Renzi, infatti, ha iniziato il tour di incontri con le altre delegazioni dei partiti presenti in Parlamento, allo scopo di giungere all’indicazione di un nome condiviso, almeno per la quarta votazione, quando sarà necessario il quorum della maggioranza semplice per eleggere il Capo dello Stato.
Orbene, egli ha ricevuto un “niet” esplicito dalla delegazione di Alfano e Casini, che ha espressamente fatto riferimento all'opportunità che il successore di Napolitano abbia un curriculum istituzionale di buon rilievo, escludendo dunque, a-priori, i Ministri del Governo in carica, che sono tutti al primo incarico di un certo prestigio, ad eccezione di Gentiloni, che - comunque - neanche rientra nel prototipo disegnato dall’area centrista.

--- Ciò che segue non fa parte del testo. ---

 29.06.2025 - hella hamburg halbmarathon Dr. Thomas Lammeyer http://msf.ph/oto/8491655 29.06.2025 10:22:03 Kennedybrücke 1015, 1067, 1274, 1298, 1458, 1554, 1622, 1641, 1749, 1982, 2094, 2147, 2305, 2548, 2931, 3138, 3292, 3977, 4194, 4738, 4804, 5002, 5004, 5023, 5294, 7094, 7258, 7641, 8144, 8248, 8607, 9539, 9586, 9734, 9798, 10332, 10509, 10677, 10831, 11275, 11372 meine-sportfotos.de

Pertanto, il Premier ha subìto il primo dissenso circa l’indicazione, che sta per fare: voci di dentro, non smentite, hanno esplicitamente indicato in Delrio il nominativo, che è a cuore al Presidente del Consiglio, visto che il profilo del Sottosegretario di Palazzo Chigi è esaustivo per chi, stando a capo dell'Esecutivo, non intende avere intralci dal futuro inquilino del Quirinale.

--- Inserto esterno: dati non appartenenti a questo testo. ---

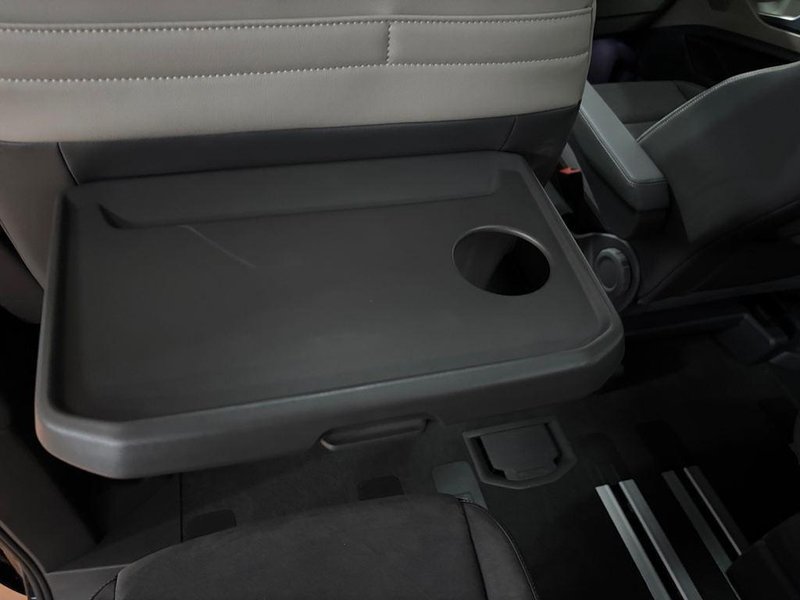 Volkswagen Multivan 2025, foto 18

Quindi, esclusa in partenza l’opzione di un tecnico, quale poteva essere il Ministro del Tesoro, è ovvio che Renzi debba virare su una personalità importante, che sia stata magari a capo o del Governo o del PD negli anni della Seconda Repubblica.
I nomi, a questo punto, iniziano a restringersi sensibilmente in numero, visto che, fra gli ex-Segretari dei DS, potrebbero essere presi in considerazione Fassino o Veltroni, mentre, fra gli ex-Premier, Monti e Prodi, dal momento che riteniamo fuori gioco D’Alema, che invero non ha i favori dell’attuale leader democratico.
In tale rosa, però, le spine sono maggiori dei petali: infatti, gli ex-comunisti Fassino e Veltroni non sono ben visti dall’intero partito, in primis da chi ha condiviso, con loro, il comune percorso nell’ex-PCI, mentre Monti e Prodi appaiono personalità fin troppo autonome, che in verità non si limiterebbero mai a fare gli scendiletto del Premier o, peggio ancora, mai sarebbero passivamente prodighi agli interessi di Mediaset, la cui tutela verrebbe imposta loro da Berlusconi, qualora il Cavaliere ne fosse – finanche, solo per mera eventualità – lo sponsor dell’elezione.